Monday, August 29, 2011

The Unpainted House





ROAD TO MY BIRTHPLACE

The house where I was born no longer stands.   In 2010 I found the road that led to it.   The present owners of the property have placed a large metal gate across the road and it’s locked, so I didn’t get any closer than that.  While I don’t remember living there, I can recall that we visited it a few times when I was a child.  

It was just an old farmhouse without any paint on the walls.  Daddy was a sharecropper.  Sharecroppers’ houses didn’t have paint on them. I enjoyed reading The Painted House by John Grisham.  Grisham’s book describes life in Northeastern Arkansas during the fifties.   The continuing story line involves a seven-year-old boy who wants to see his mother fulfill her lifelong dream of living in a painted house.  Although we lived in that house in the thirties, I suspect my mother would have been a great deal like the lady in the home – longing for something better, but having to settle for a run down sharecroppers shack.

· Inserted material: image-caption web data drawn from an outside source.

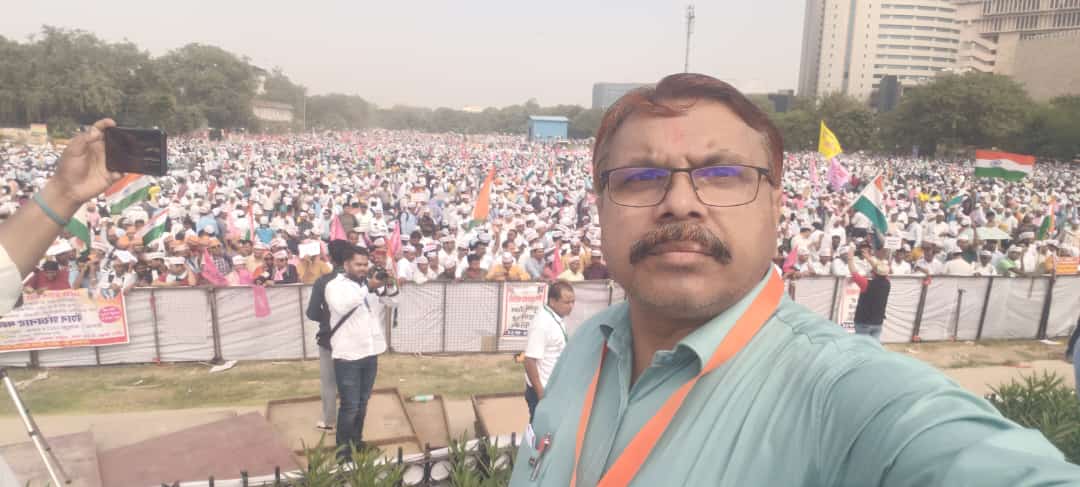 दिल्ली पेंशन महारैली में कोने से कोने से जन सैलाव उमड़ा
#पेशन नहीं तो वोट नहीं
#पुरानी पेंशन हक हमारा
<a href="/Aamitabh2/">Amitabh Agnihotri</a> 
<a href="/AmitShah/">Amit Shah</a> 
<a href="/BBCHindi/">BBC News Hindi</a> 
<a href="/BhagatDevkan/">D BHAGAT NMOPS महिला प्रकोष्ठ प्रभारी बालाघाट</a> 
<a href="/BJP4India/">BJP</a> 
<a href="/ChouhanShivraj/">Shivraj Singh Chouhan</a> 
<a href="/CMMadhyaPradesh/">Chief Minister, MP</a> 
<a href="/dksingore/">Dk Singore President of twta</a> 
<a href="/vijaykbandhu/">Vijay Kumar Bandhu</a> 
,<a href="/narendramodi/">Narendra Modi</a>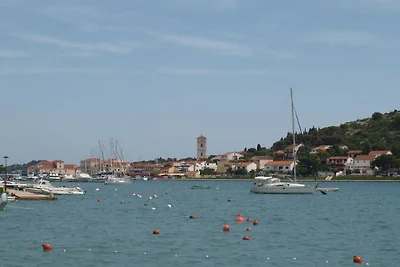 Ferienwohnung in Tisno mit Schwimmbecken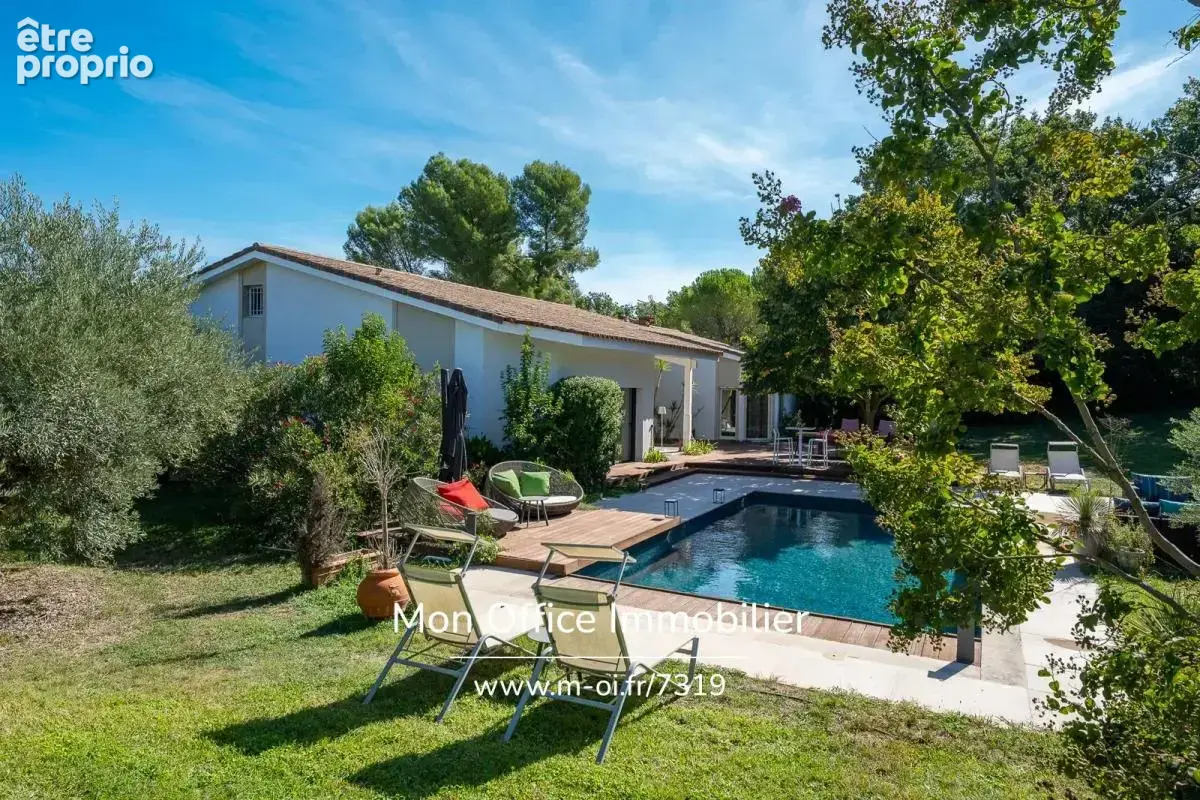 Référence : 7319-NGU - Maison 10 pièces - 5 chambres - deux studios - piscine - 380m2 habitables et 223m2 de sous-sol / garages - photo 2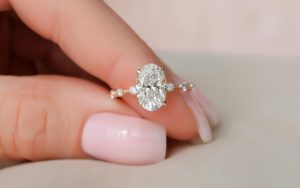 How Does Rare Carat Cater to First-Time Diamond Buyers?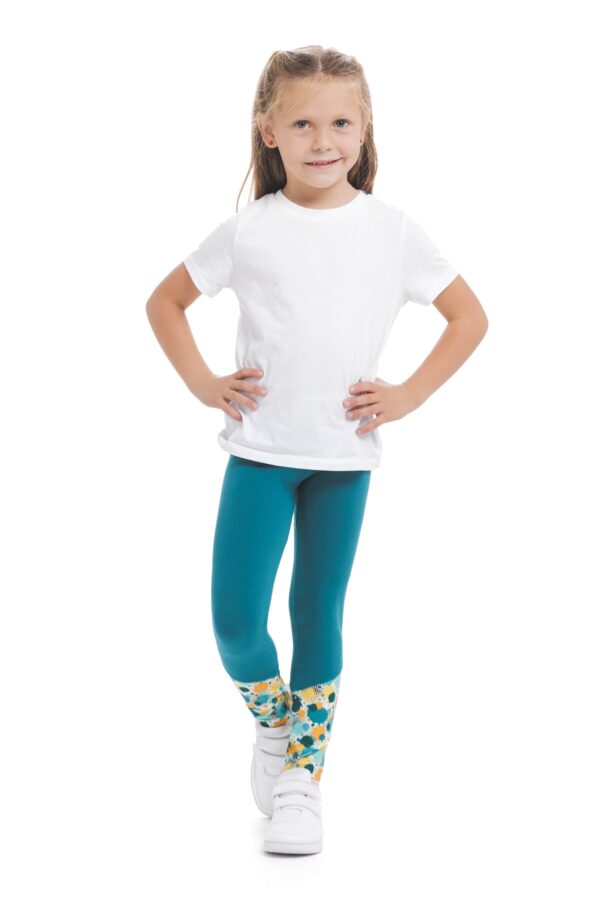 BONITA-KIDS-1 – Lanuma Turkizne otroške pajkice Bonita kids z živahnim vzorčkom na dnu hlačnic in na pasu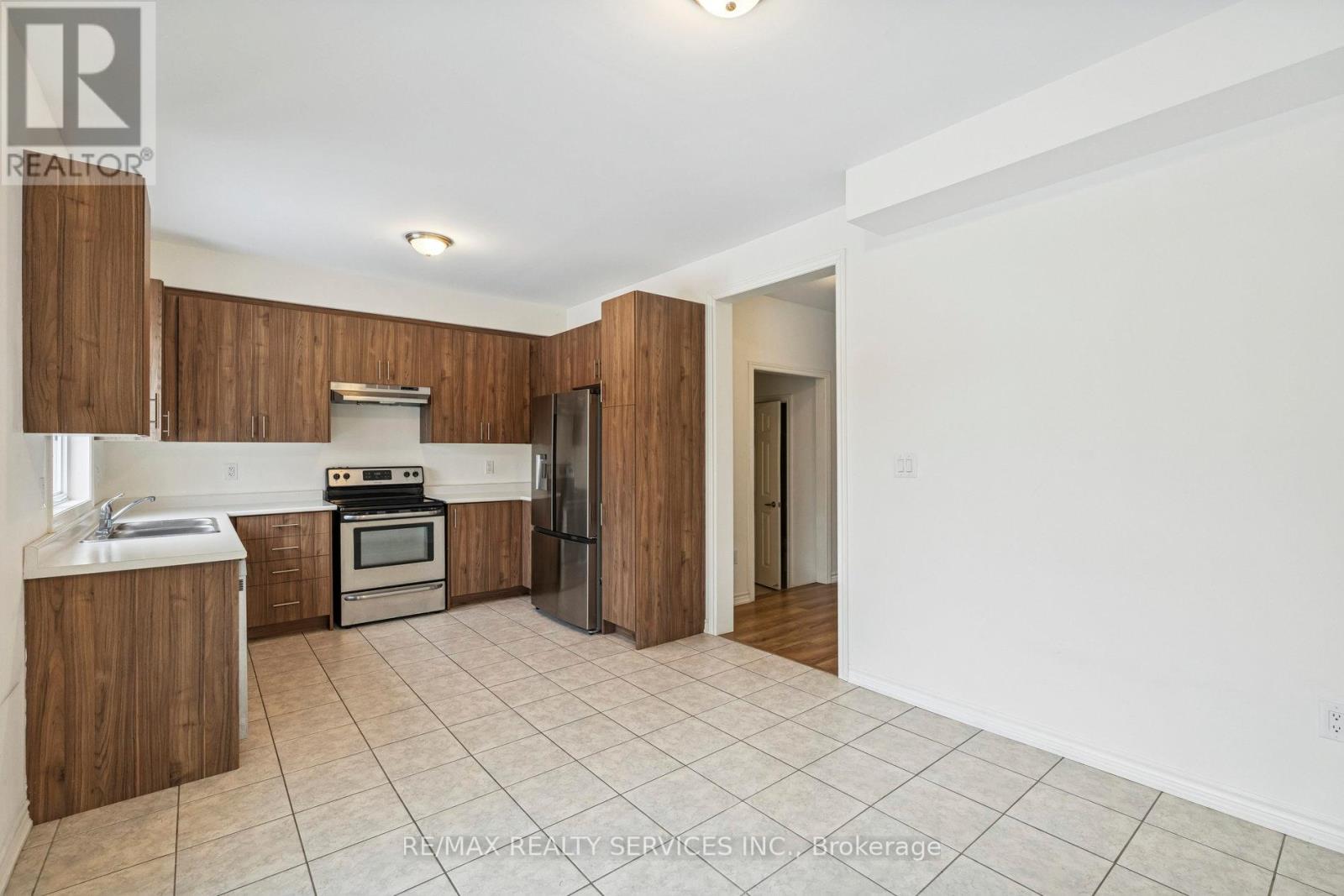 1226 Plato Drive, Fort Erie (Crescent Park), Ontario  L2A 0C7 - Photo 12 - X12640632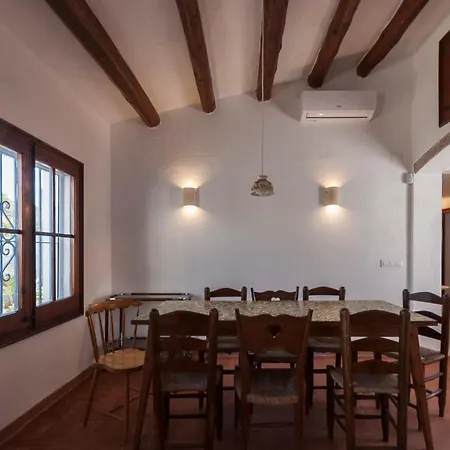 Let's Holidays 7 Xemeneies House Сasa de vacaciones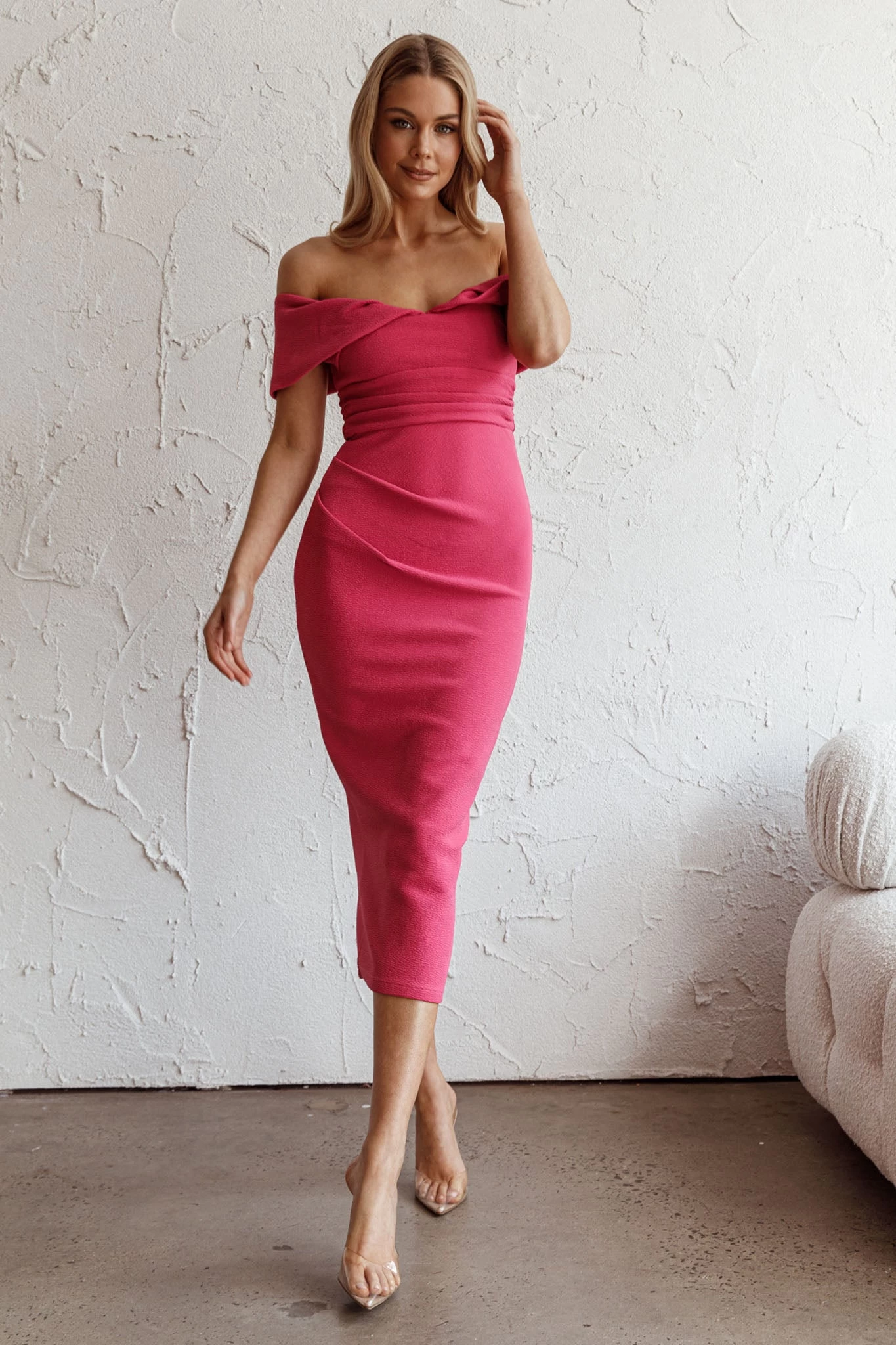 Lillianne Off-Shoulder Midi Dress Fuchsia - Image 5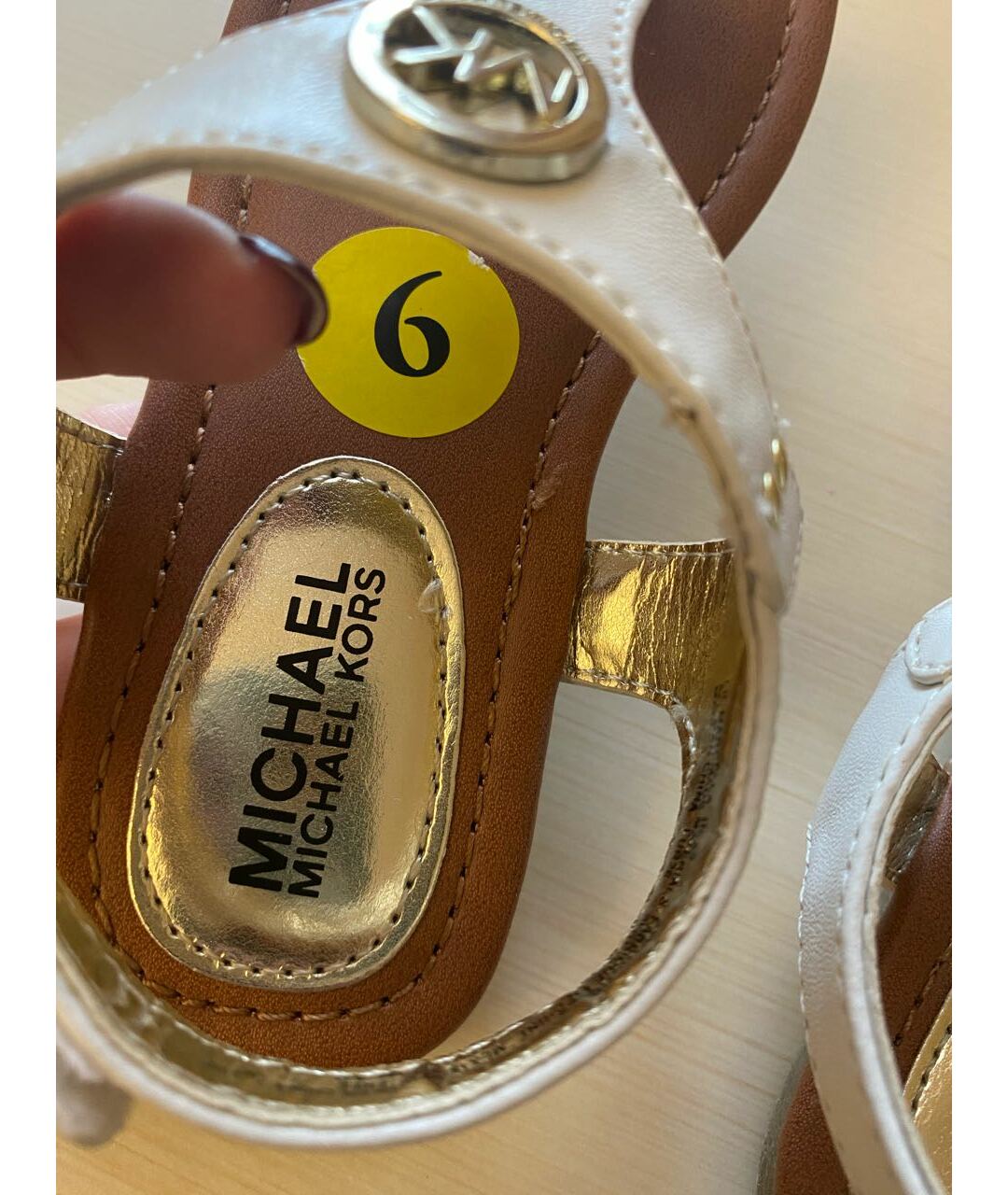 MICHAEL KORS Белые кожаные сандалии и шлепанцы, фото 6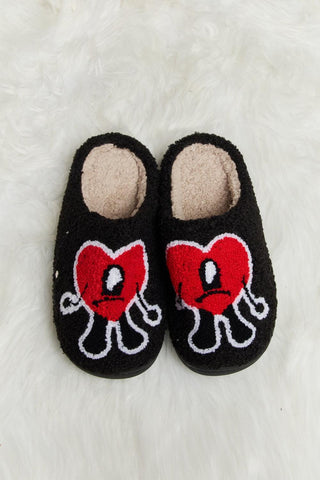 Melody Love Heart Print Plush Slippers - Closet of Ren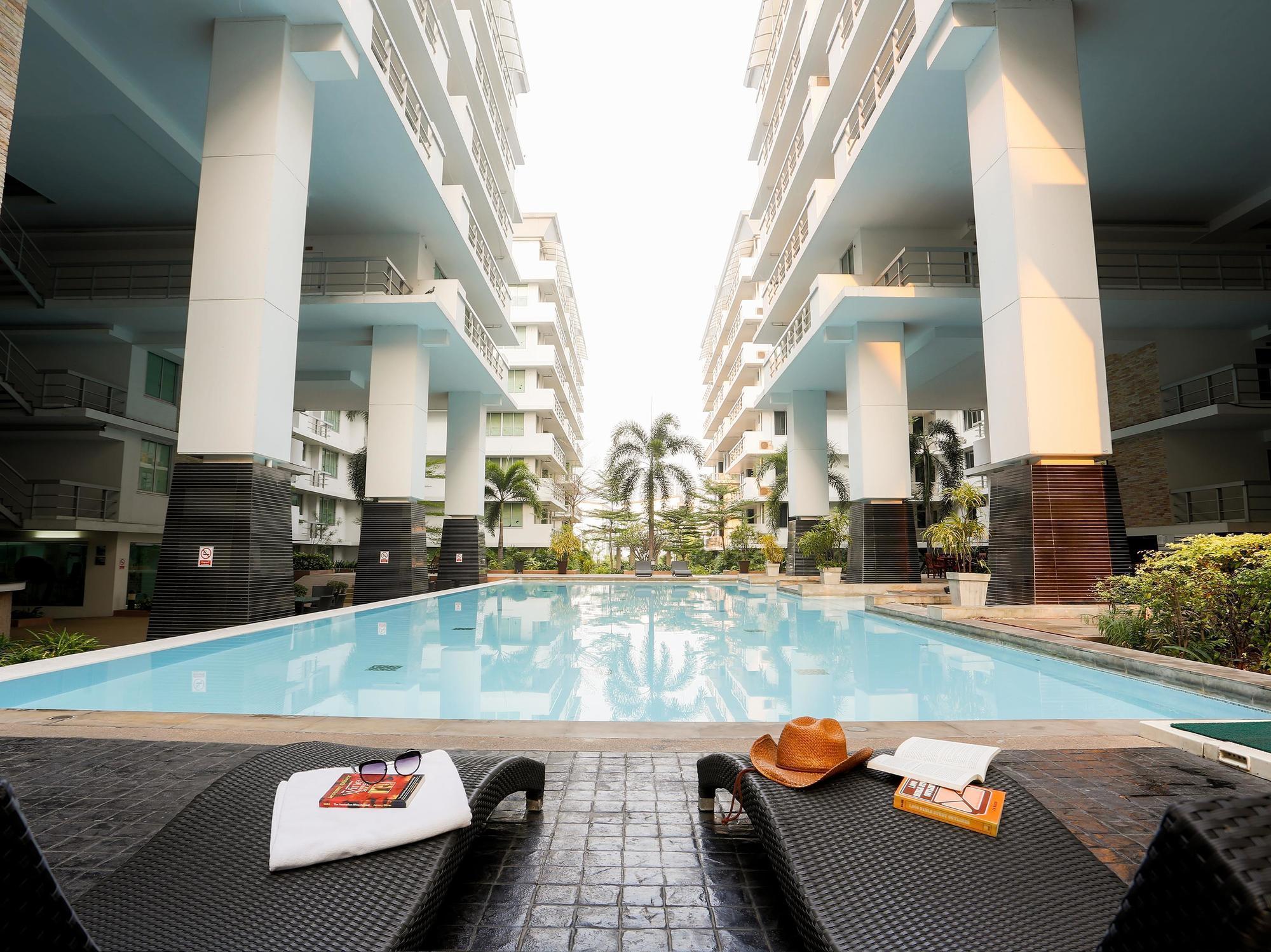 The Capital Resort @ Sukhumvit 50 Bangkok Luaran gambar The swimming pool at the complex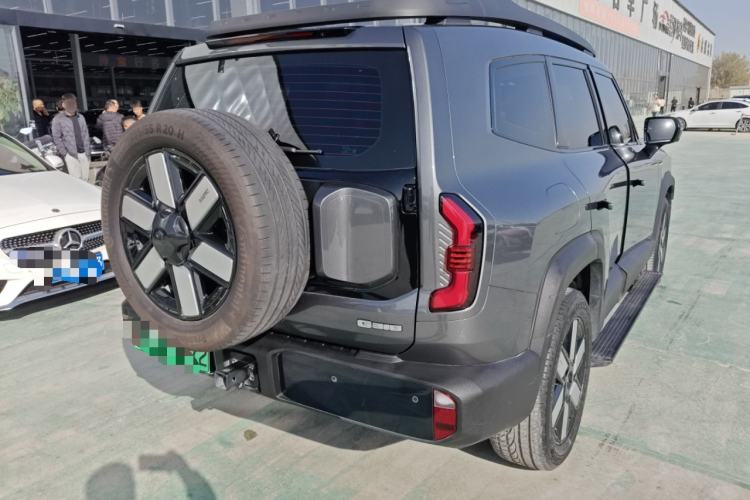 Used Deepal G318 2024 Four-Wheel-Drive Air Suspension Model Rear Right 45 Deg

I was born around 10 o’clock in the evening and sometime after that they settled down to try to get some rest, during the remainder of the night.  My parents were too poor to afford a crib, so they placed me on a pillow by the side of their bed.  According to them, I almost fell off.  My crying woke them up and they rescued me.    That wasn’t the only close call I had during  the first few days of life.     I couldn’t tolerate my mother’s milk nor could I tolerate the milk from our family cow.   There was no formula available in those days, and if there had been, they wouldn’t haven able to afford it.  I was in danger of starving to death.  Infant mortality was high in those days.  My aunt Melba once told me that they were all poor, but my mother and father were poorer than most.

They did have farm animals, which included milk cows.  My grandparents also had  a milk cow or two, so they tried milk from their cows.  Whether my body got strong enough to accept cow’s milk or whether they found the right cow, I’ll never know.  I do know that I was finally able to drink the milk from my grandfather’s cow, so they simply traded cows.   Just think I’m probably alive today because of a cattle trade.